§ **Task instructions**:
Retype, word for word, every line starting at the line with "My stylish red" and ending with the final line of the entries; skip the pictures.

Top of Data section

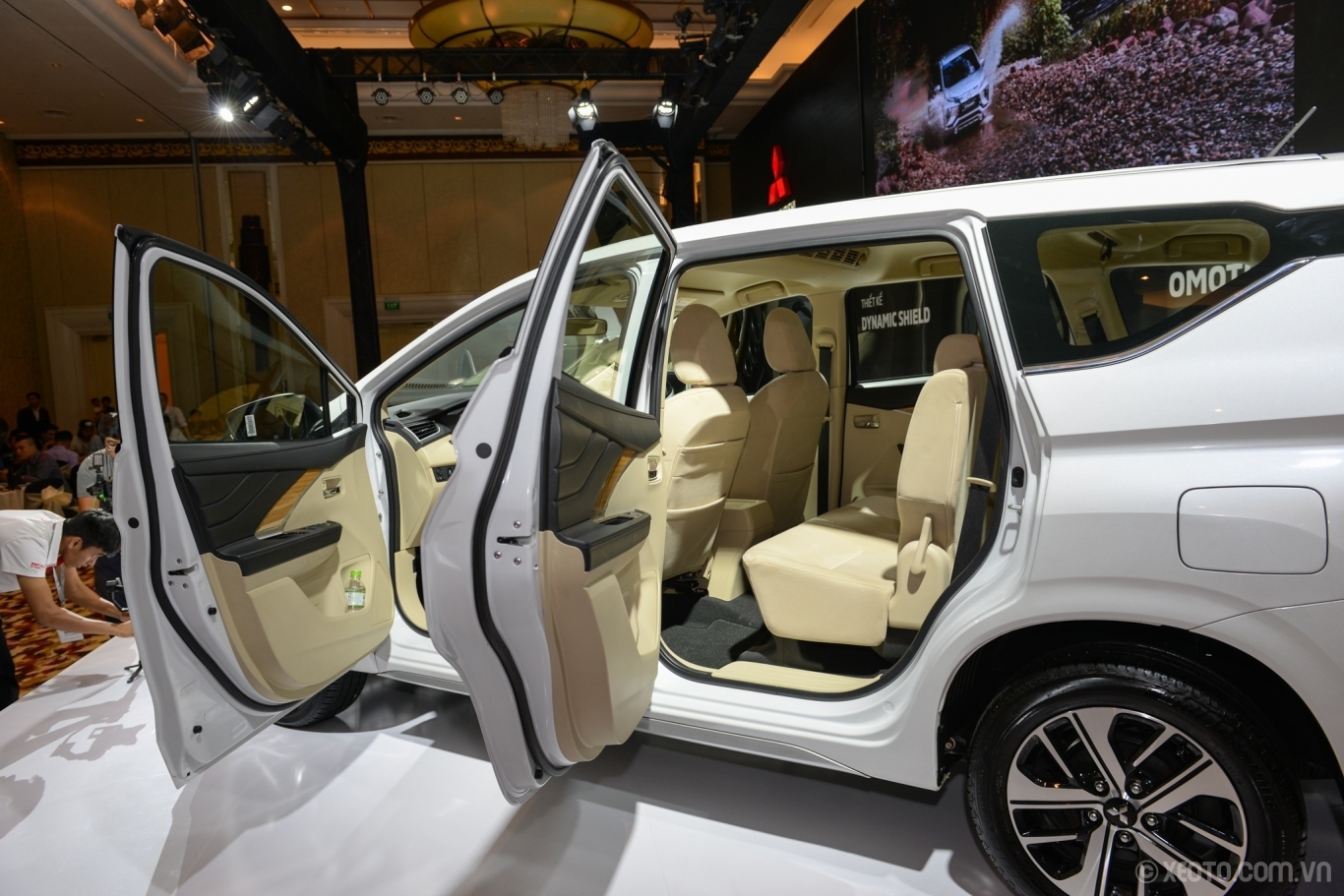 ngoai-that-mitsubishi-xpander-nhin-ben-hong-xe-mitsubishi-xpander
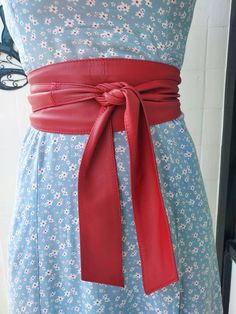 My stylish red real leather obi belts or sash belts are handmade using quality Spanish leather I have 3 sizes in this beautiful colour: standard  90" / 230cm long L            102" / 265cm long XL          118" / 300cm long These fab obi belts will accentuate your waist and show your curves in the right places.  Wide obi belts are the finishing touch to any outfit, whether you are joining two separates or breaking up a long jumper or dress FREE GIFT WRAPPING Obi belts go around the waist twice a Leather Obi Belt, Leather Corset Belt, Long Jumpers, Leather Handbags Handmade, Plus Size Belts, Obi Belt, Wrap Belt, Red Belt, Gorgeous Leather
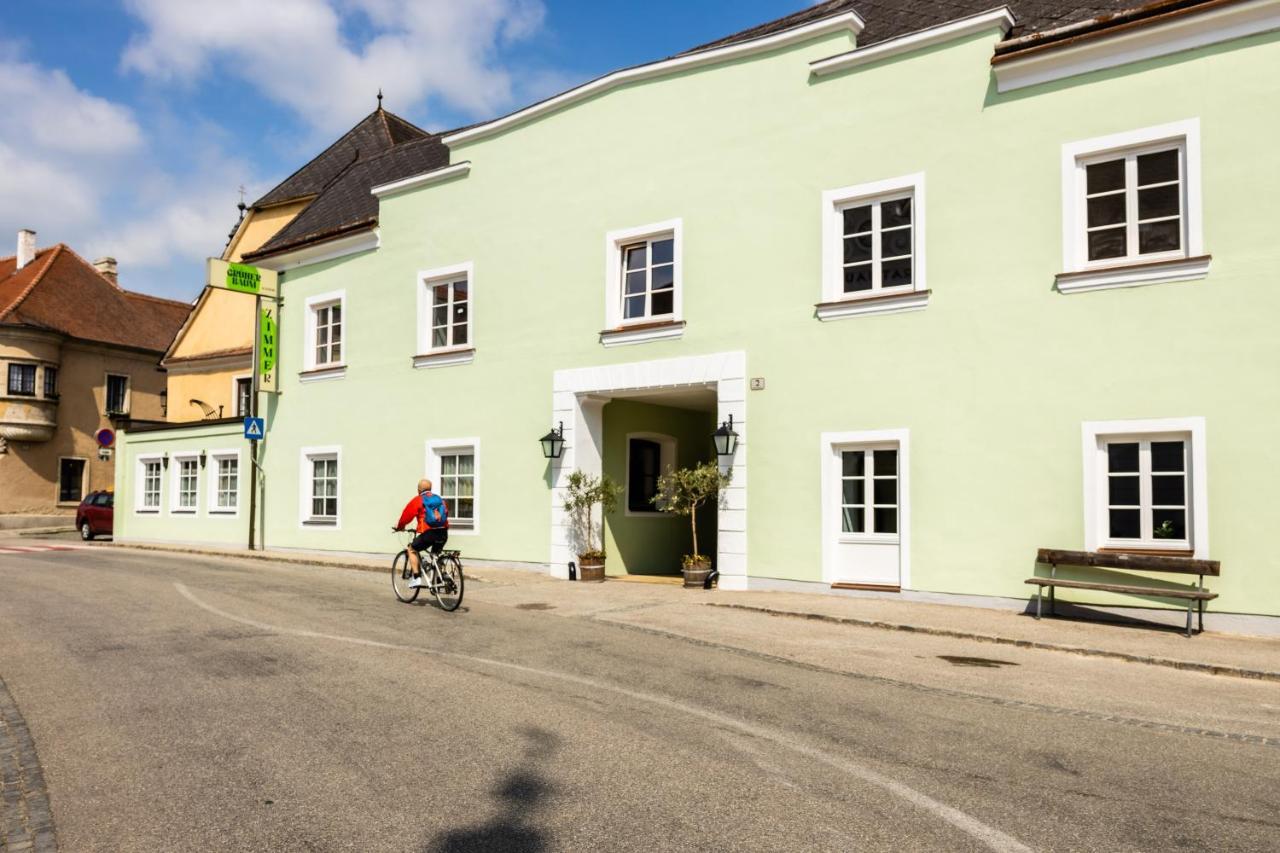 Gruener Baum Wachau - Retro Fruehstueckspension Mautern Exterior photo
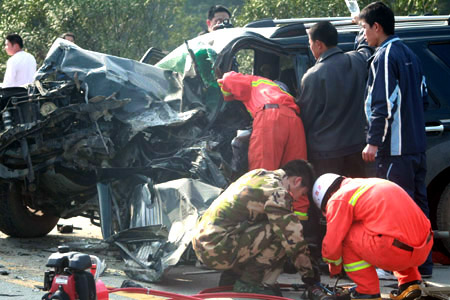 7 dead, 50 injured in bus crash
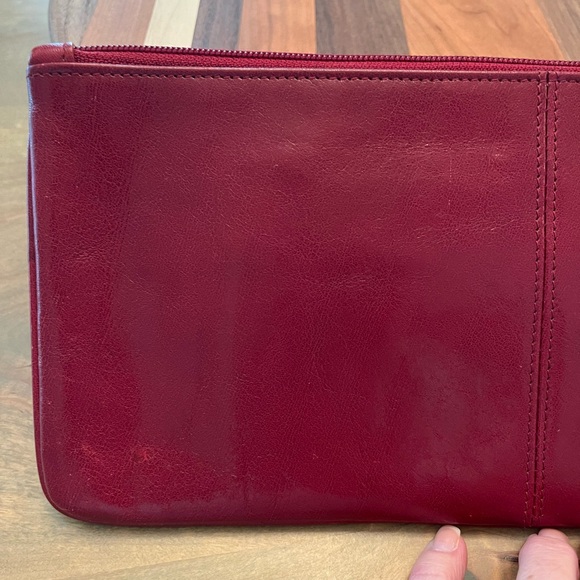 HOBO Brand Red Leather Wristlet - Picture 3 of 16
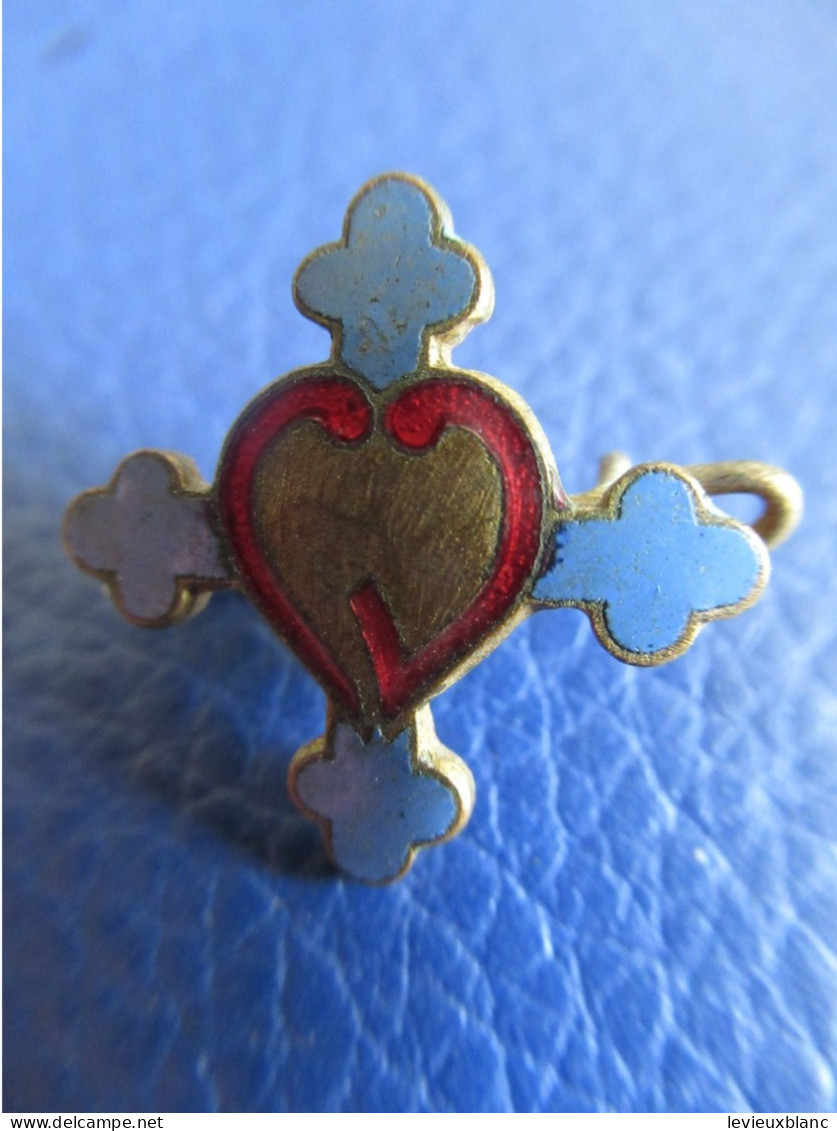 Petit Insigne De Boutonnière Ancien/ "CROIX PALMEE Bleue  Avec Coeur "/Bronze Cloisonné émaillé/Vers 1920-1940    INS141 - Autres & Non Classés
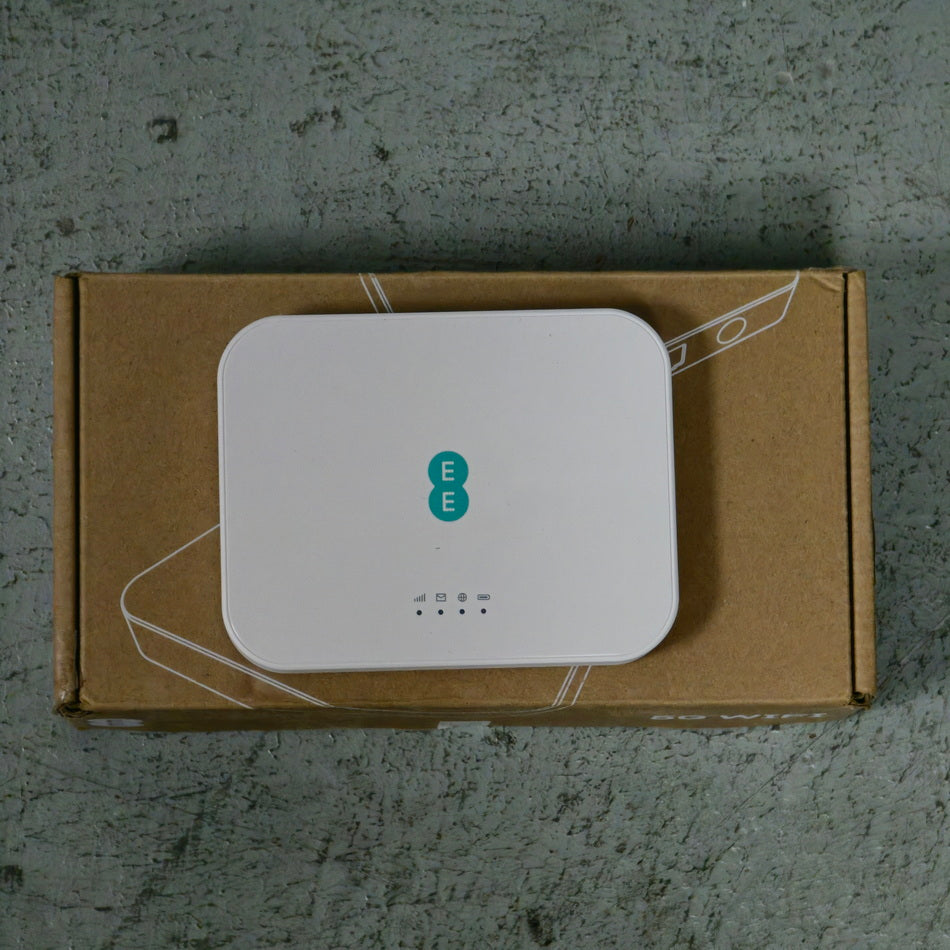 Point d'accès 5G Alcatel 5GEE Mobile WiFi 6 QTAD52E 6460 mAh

Bottom of Data section

§ **Your solution**:
 My stylish red real leather obi belts or sash belts are handmade using quality Spanish leather I have 3 sizes in this beautiful colour: standard  90" / 230cm long L            102" / 265cm long XL          118" / 300cm long These fab obi belts will accentuate your waist and show your curves in the right places.  Wide obi belts are the finishing touch to any outfit, whether you are joining two separates or breaking up a long jumper or dress FREE GIFT WRAPPING Obi belts go around the waist twice a Leather Obi Belt, Leather Corset Belt, Long Jumpers, Leather Handbags Handmade, Plus Size Belts, Obi Belt, Wrap Belt, Red Belt, Gorgeous Leather
 Gruener Baum Wachau - Retro Fruehstueckspension Mautern Exterior photo
 7 dead, 50 injured in bus crash
 HOBO Brand Red Leather Wristlet - Picture 3 of 16
 Petit Insigne De Boutonnière Ancien/ "CROIX PALMEE Bleue  Avec Coeur "/Bronze Cloisonné émaillé/Vers 1920-1940    INS141 - Autres & Non Classés
 Point d'accès 5G Alcatel 5GEE Mobile WiFi 6 QTAD52E 6460 mAh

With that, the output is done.